PROVIDED MATERIAL =>
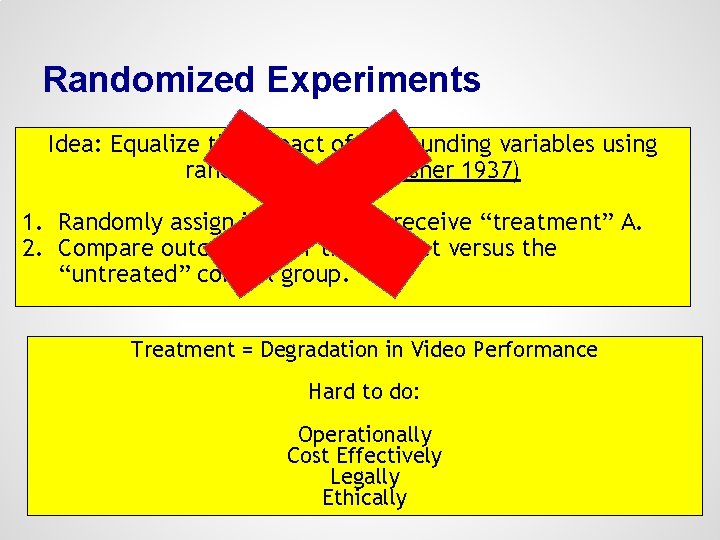 Randomized Experiments Idea: Equalize the impact of confounding variables using randomness. (R. A. Fisher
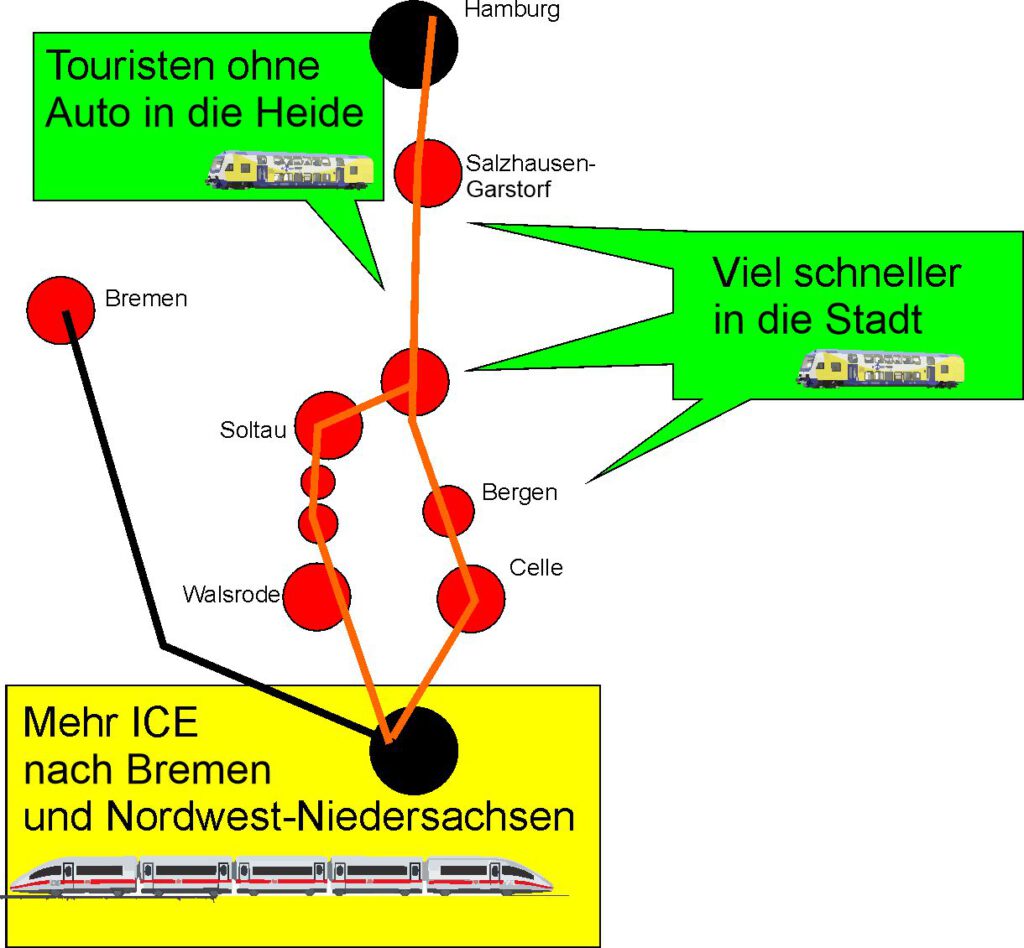 Neubaustrecke Hamburg - Hannover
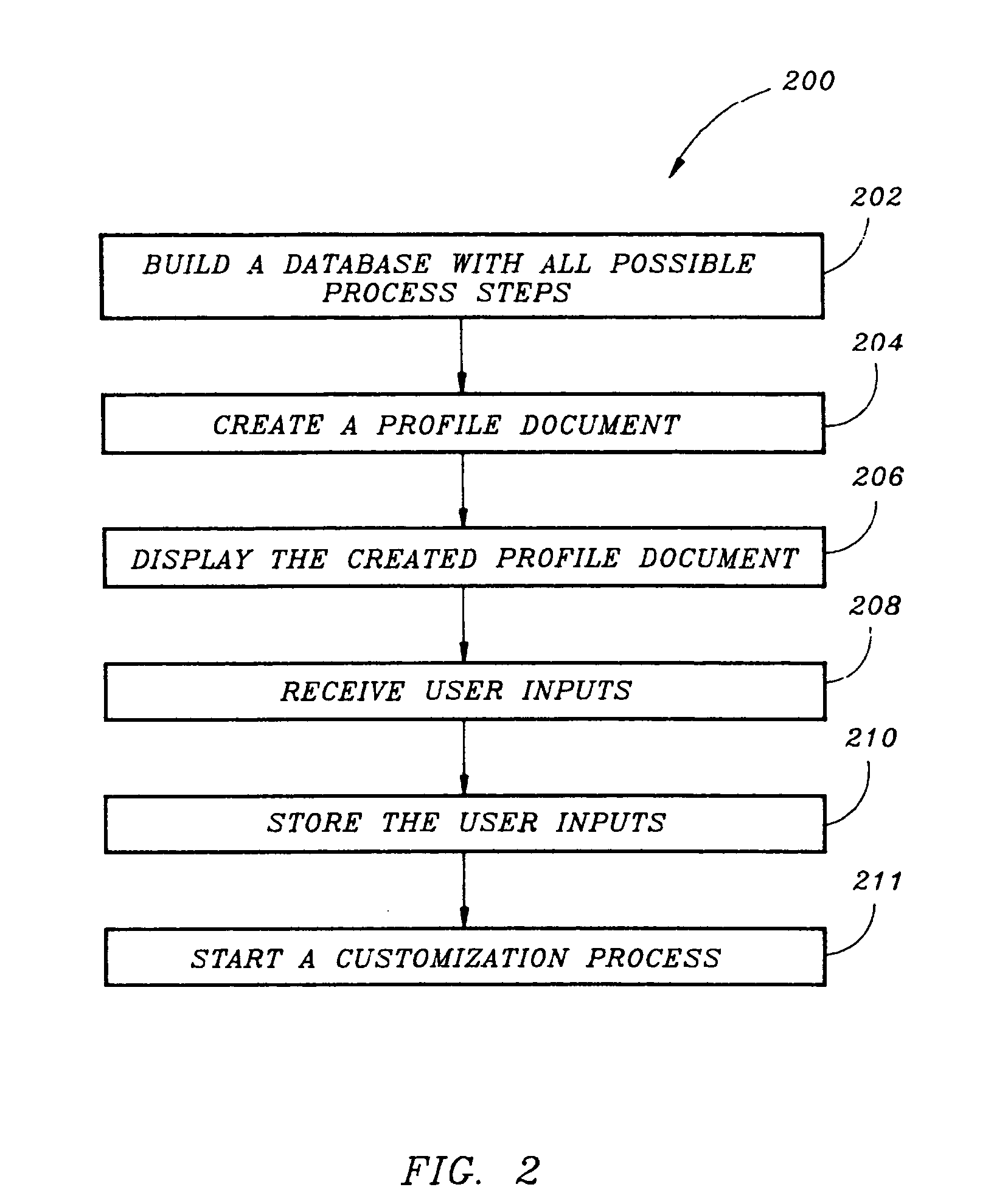 System and method for automated customization of a workflow management system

WORK ORDER =>
Only the pictures are to be left out; print everything else in the listing exactly.

ANSWER SECTION =>
 Randomized Experiments Idea: Equalize the impact of confounding variables using randomness. (R. A. Fisher
 Neubaustrecke Hamburg - Hannover
 System and method for automated customization of a workflow management system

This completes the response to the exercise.